Charlap and Rosnes performed separately and also teamed on a four-hand version
of “Sushi.” Favorites included Barron’s take on “Ballad for Benny Carter,” Rosnes’
version of Peterson’s “Love Ballade,” Botos’ version of Peterson’s majestic “Wheatland,”
Hiromi’s zippy take on the playful “Oscar’s New Camera” and bassist Dave Young’s
solo elegy, “Goodbye Old Friend.” What an ambitious project, recorded over 10
months and so beautifully delivered by Oscar’s widow, Kelly Peterson.

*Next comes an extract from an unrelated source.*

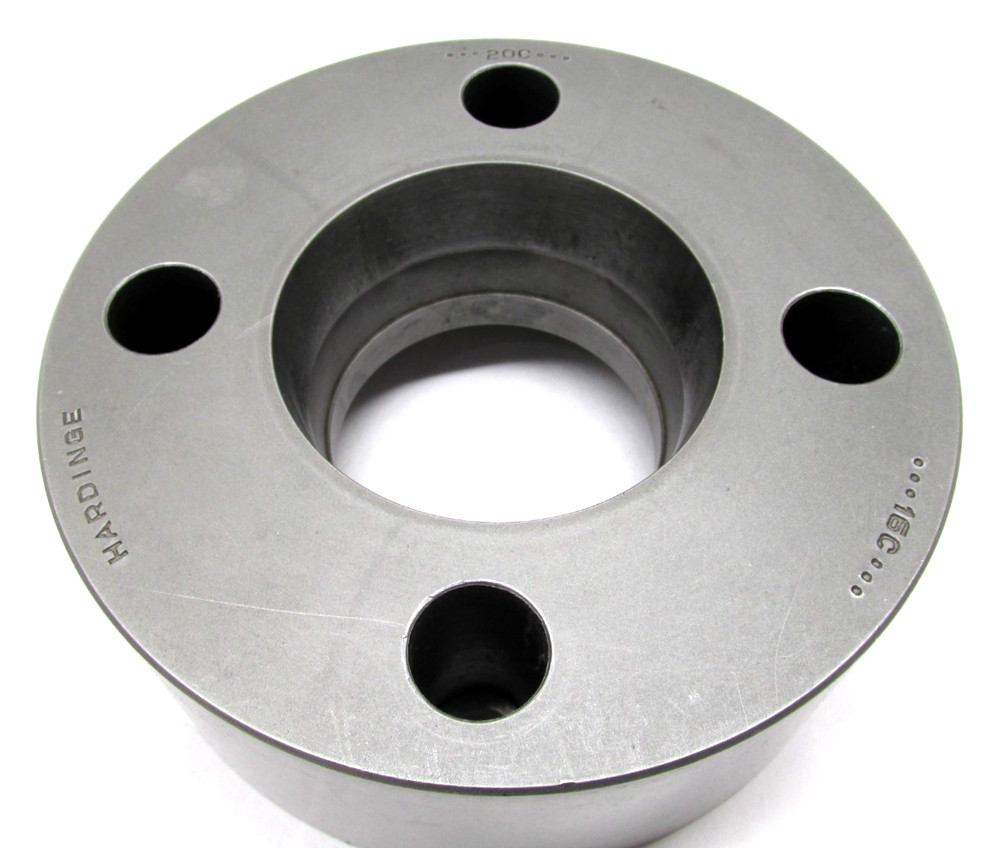 HARDINGE 2'' OC DEEP 16C COLLET STEP CHUCK CLOSER w/ A2-5 MOUNT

There is
much, much, much to savor.
Various Artists, Message to Attila: The Music of Attila Zoller (Enja)
Various Artists, Message to Attila: The Music of Attila Zoller (Enja)
The
late Attila Zoller was an important but somewhat obscure link between the
American and European jazz scenes who also bridged the gap between swing jazz
and the avant-garde. The guitarist, composer and educator began his career in
Budapest and ended it at his Vermont Jazz Center. Guitarists and a few non-guitarists
honor Zoller’s legacy by performing his compositions on this project, and six also
recorded messages of what he meant to them.
Participants included guitarists John
Abercrombie, David Becker, Peter Bernstein, Gene Bertoncini, Helmut Kagerer, Pat
Metheny (in a 1998 track with the late Jim Hall), Mike Stern, bassist Ron Carter,
vibes player Wolfgang Lakerschmid, and pianist Eugene Uman. Favorites: the
Hall-Metheny take on “The Birds and the Bees,” Bertoncini’s duo with Ron Carter
on “When It’s Time,” Abercrombie’s trio take on “Waltz for Joy,” Kagerer’s solo
version of “Ulla’s Memories” and a Bernstein/Becker cover of “Samba Caribia.”